In the listing that follows, find the line with "MOTORLINE JAG 400-AC-110V", then copy exactly from it through the line with "4 Zimmer Neubauwohnung", leaving out every picture.
╭─ Data records
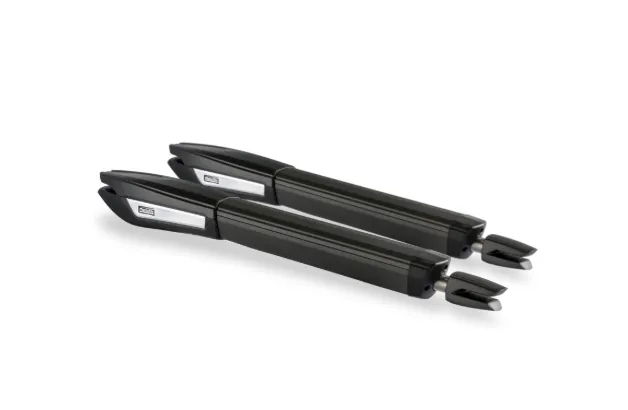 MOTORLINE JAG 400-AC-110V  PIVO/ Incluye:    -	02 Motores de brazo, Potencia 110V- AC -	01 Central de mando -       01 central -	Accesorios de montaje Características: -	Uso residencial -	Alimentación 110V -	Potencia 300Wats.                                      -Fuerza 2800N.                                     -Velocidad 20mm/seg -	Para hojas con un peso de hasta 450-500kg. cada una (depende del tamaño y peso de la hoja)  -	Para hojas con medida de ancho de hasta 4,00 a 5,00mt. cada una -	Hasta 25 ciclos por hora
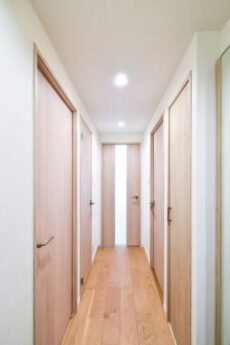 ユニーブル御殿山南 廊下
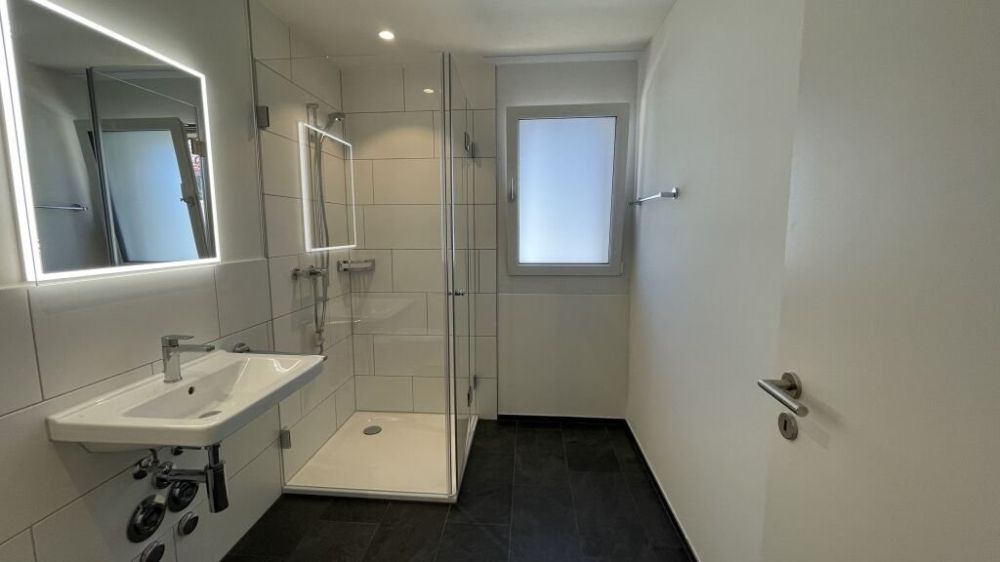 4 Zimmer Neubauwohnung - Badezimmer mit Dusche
╰─
╭─ Data records
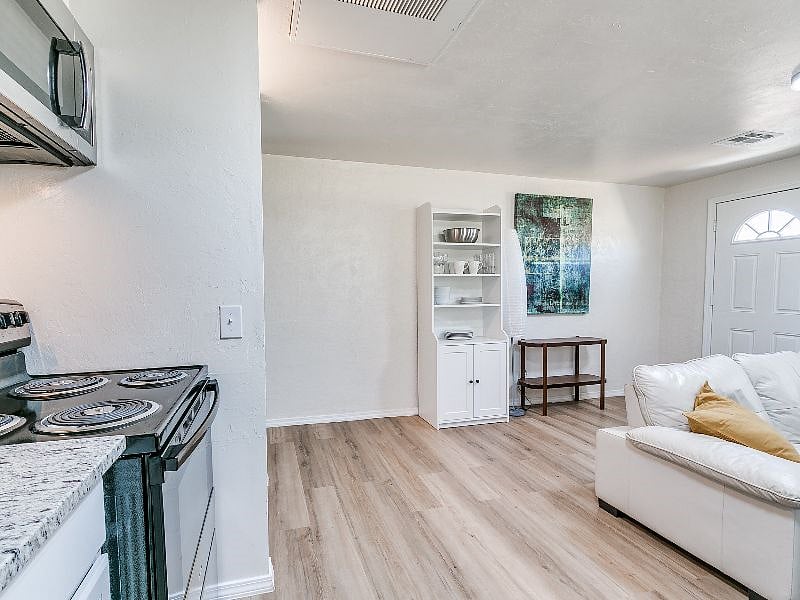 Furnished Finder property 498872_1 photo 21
╰─
* [Output below]
 MOTORLINE JAG 400-AC-110V  PIVO/ Incluye:    -	02 Motores de brazo, Potencia 110V- AC -	01 Central de mando -       01 central -	Accesorios de montaje Características: -	Uso residencial -	Alimentación 110V -	Potencia 300Wats.                                      -Fuerza 2800N.                                     -Velocidad 20mm/seg -	Para hojas con un peso de hasta 450-500kg. cada una (depende del tamaño y peso de la hoja)  -	Para hojas con medida de ancho de hasta 4,00 a 5,00mt. cada una -	Hasta 25 ciclos por hora
 ユニーブル御殿山南 廊下
 4 Zimmer Neubauwohnung - Badezimmer mit Dusche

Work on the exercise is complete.